Das Publikum brauchte ein paar Minuten, um sich daran zu gewöhnen, dass sie nun Fans von einer anderen Fußballauswahl waren. Dann hatten sich die 75.000 im ausverkauften Old Trafford auf die zwei simpelsten Anfeuerungsrufe geeinigt, „GB!“ und „Come on, GB!“

Dass schon bald aber niemand mehr irgendetwas rief im Old Trafford, lag an einer mangelnden Eintracht im britischen Team, die nichts mit Nationalgefühlen zu tun hatte: Die Olympia-Auswahl spielte wie eine kurzfristig zusammengewürfelte Truppe; bemüht, aber ohne Feinabstimmung. Was kein Wunder ist. Die Mannschaft mit 13 Engländern und fünf Walisern, ohne Schotten und Nordiren, traf sich angesichts des dichten Terminkalenders des Profifußballs vor zweieinhalb Wochen zum ersten Mal.

Nur leicht aufgepäppelte Junioren-Auswahlen

So plätscherte das Spiel statt zu rauschen. Giggs, der Weltstar und olympische Frischling mit 38, lief viel und passte mickrig. Joe Allen, der Diamant im Team, blieb isoliert. Ihn müssten sie zum FC Barcelona schicken, er könnte Xavis Lehrling werden mit seinen Präzisionspässen, er wird aber wohl für 19 Millionen Pfund von Swansea City zum FC Liverpool wechseln.

Fußball ist der einzige Sport bei Olympia, der nicht seine Besten schickt, sondern leicht aufgepäppelte Junioren-Auswahlen, und Großbritanniens Spiel im Trab-Tempo war wie ein Beweis dafür, dass Männer-Fußball nichts bei Olympia verloren hat. Doch der olympische Geist wehte durch Old Trafford.

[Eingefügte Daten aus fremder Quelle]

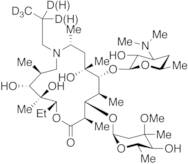 Gamithromycin-d4 (Major)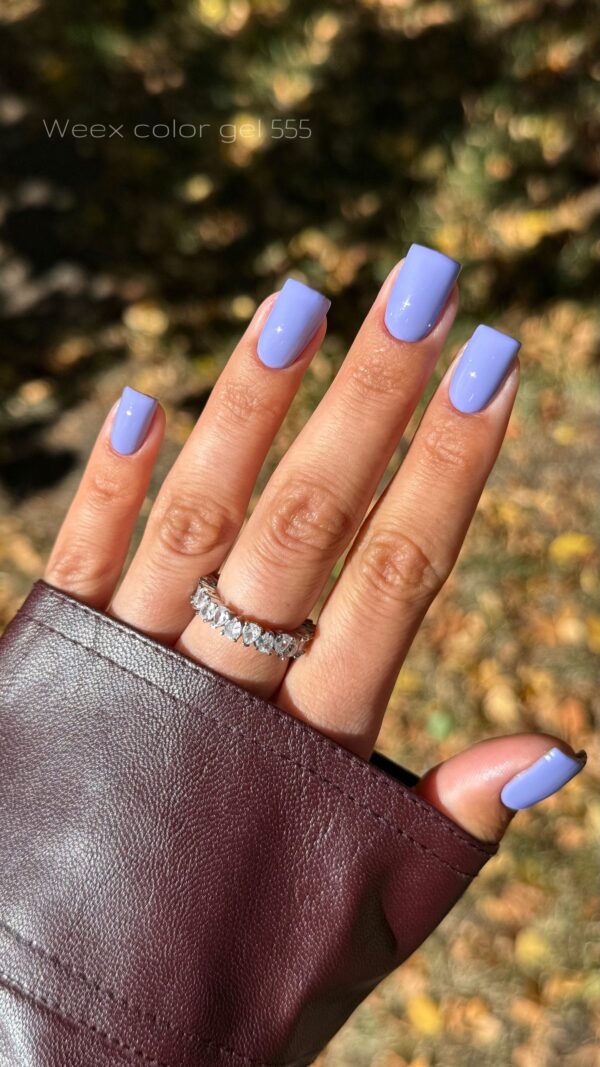 Weex Gel Polish 555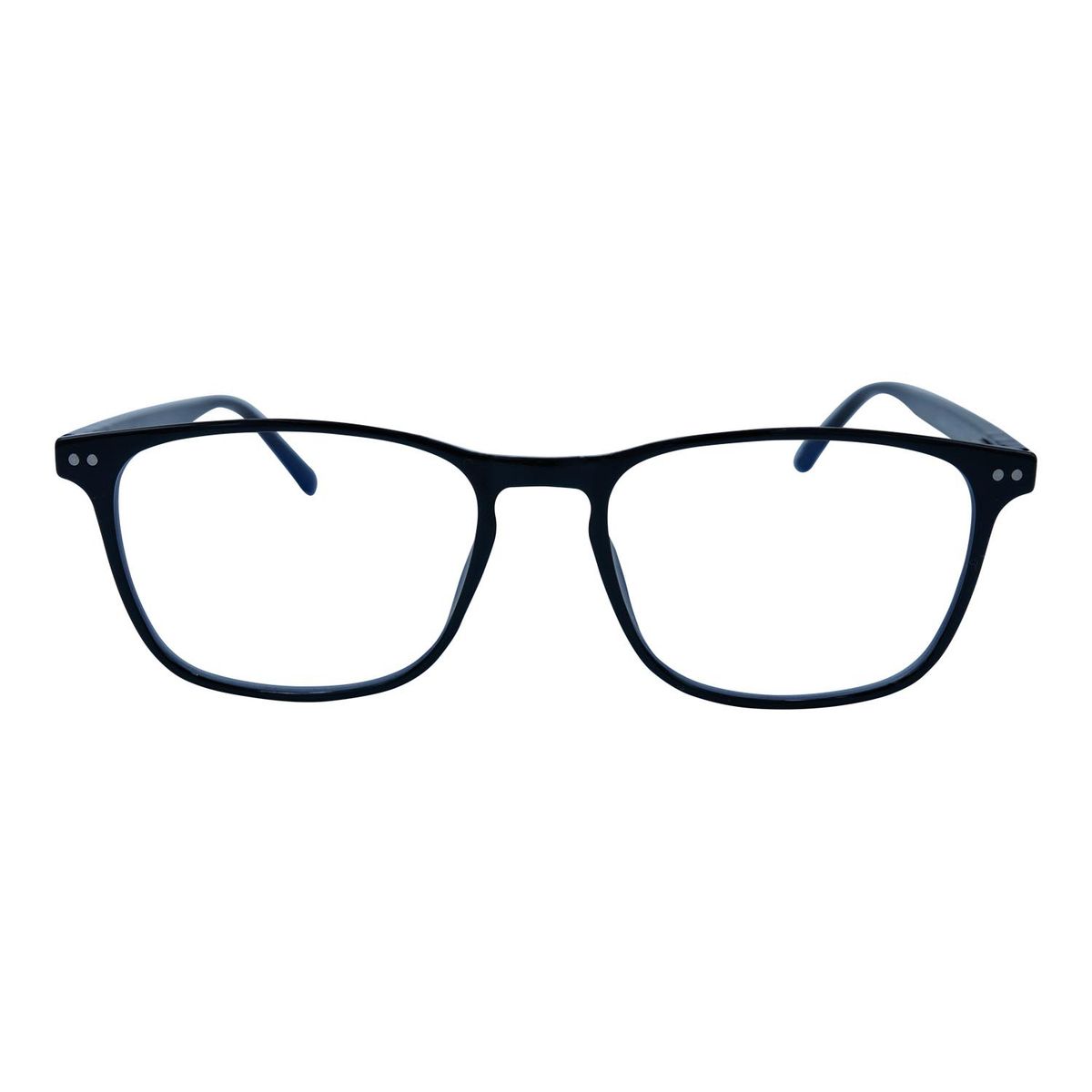 BLUE DEFENSE - Lentes De Lectura Plane Negro Brillante - Blue Defense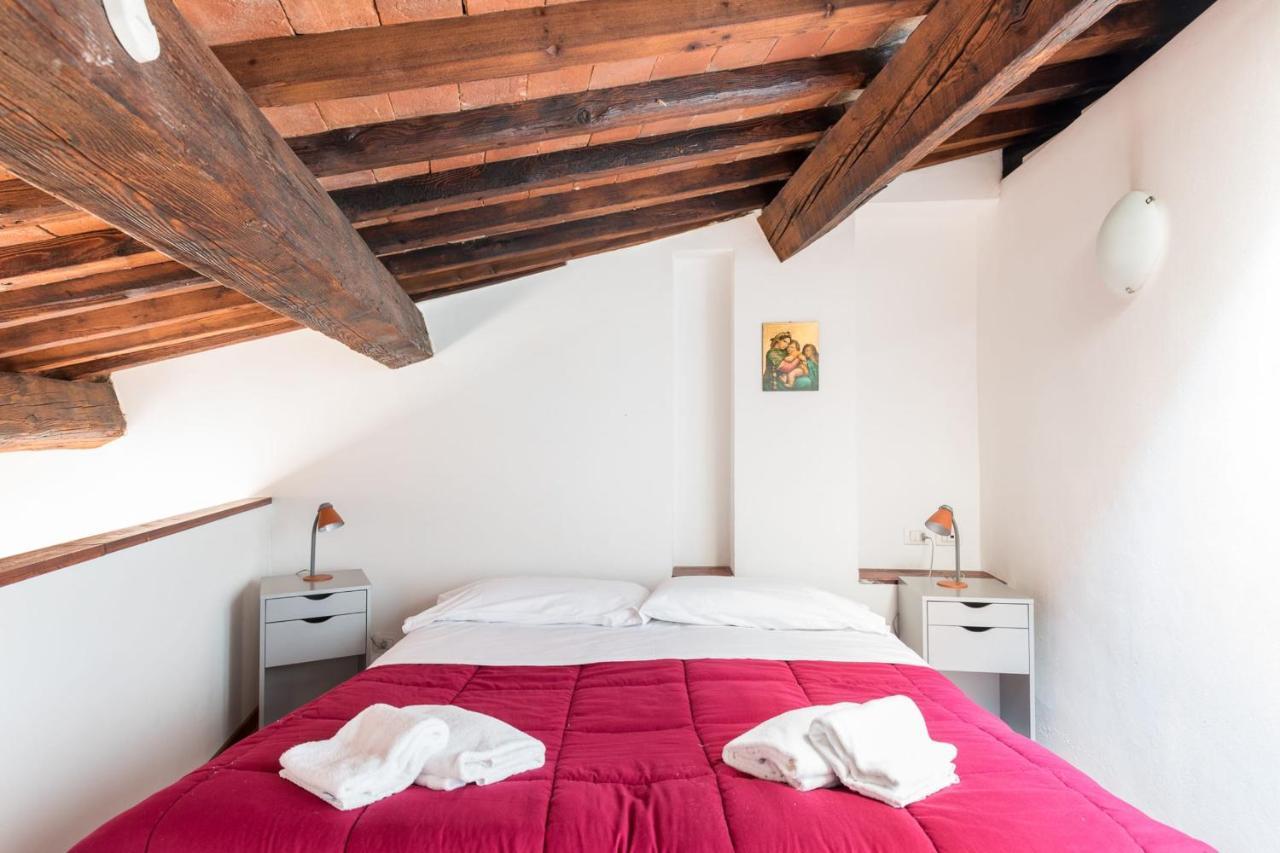 Lovely Loft 2 Steps From The Cathedral In Appartamento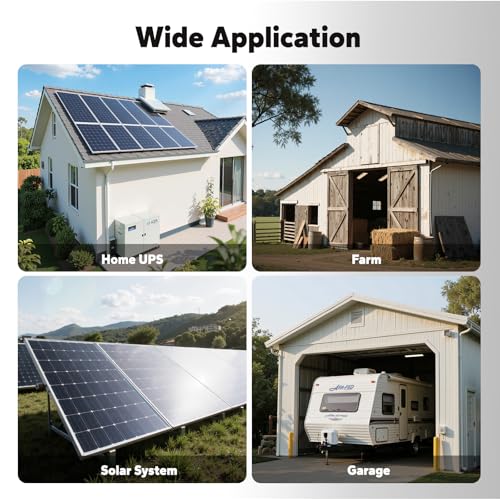 3000W Solar Inverter Charger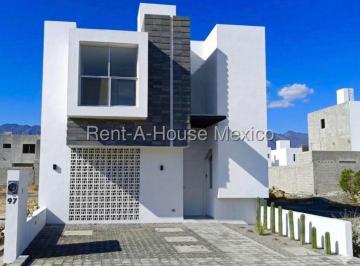 Casa de 3 habitaciones, Querétaro · Casa en Venta de Autor en Gran Reserva Juriquilla - Querétaro con Amenidades - Goh2935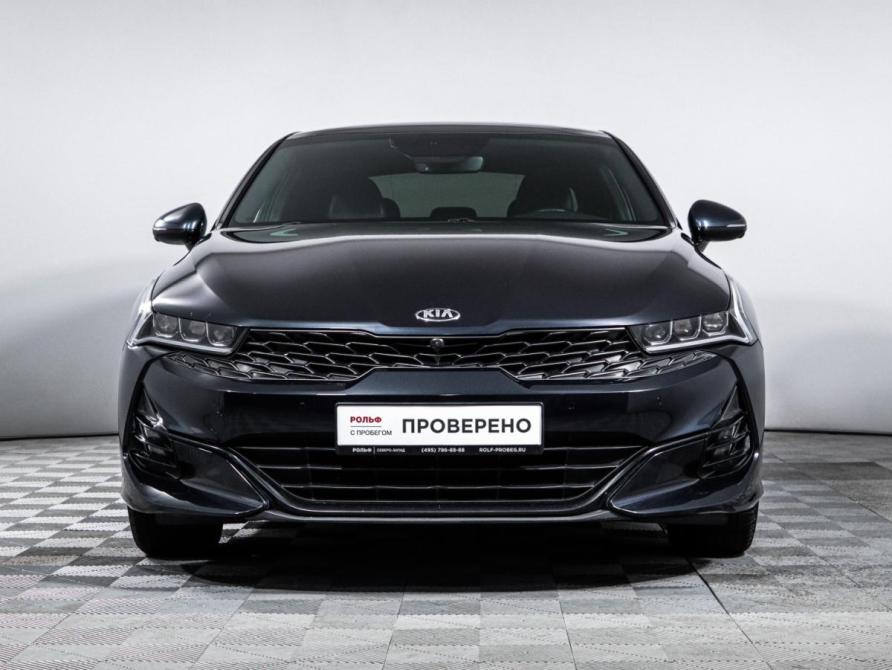 Kia K5 III Москва  - изображение 2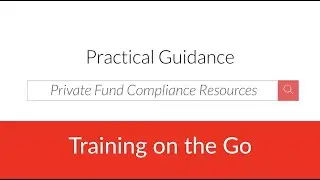 PG Private Equity Fund Compliance Resources FEB2022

75.000 Zuschauer klatschten warm zum Schlusspfiff, froh, dabei gewesen zu sein, als ein Team geboren wurde, das nun irgendwie das ihre sein soll. „Wir werden von Spiel zu Spiel besser“, sagte Verteidiger Neil Taylor, womit er recht hatte, was aber auch nicht die ganz große Kunst war: Es war erst Großbritanniens zweites Spiel.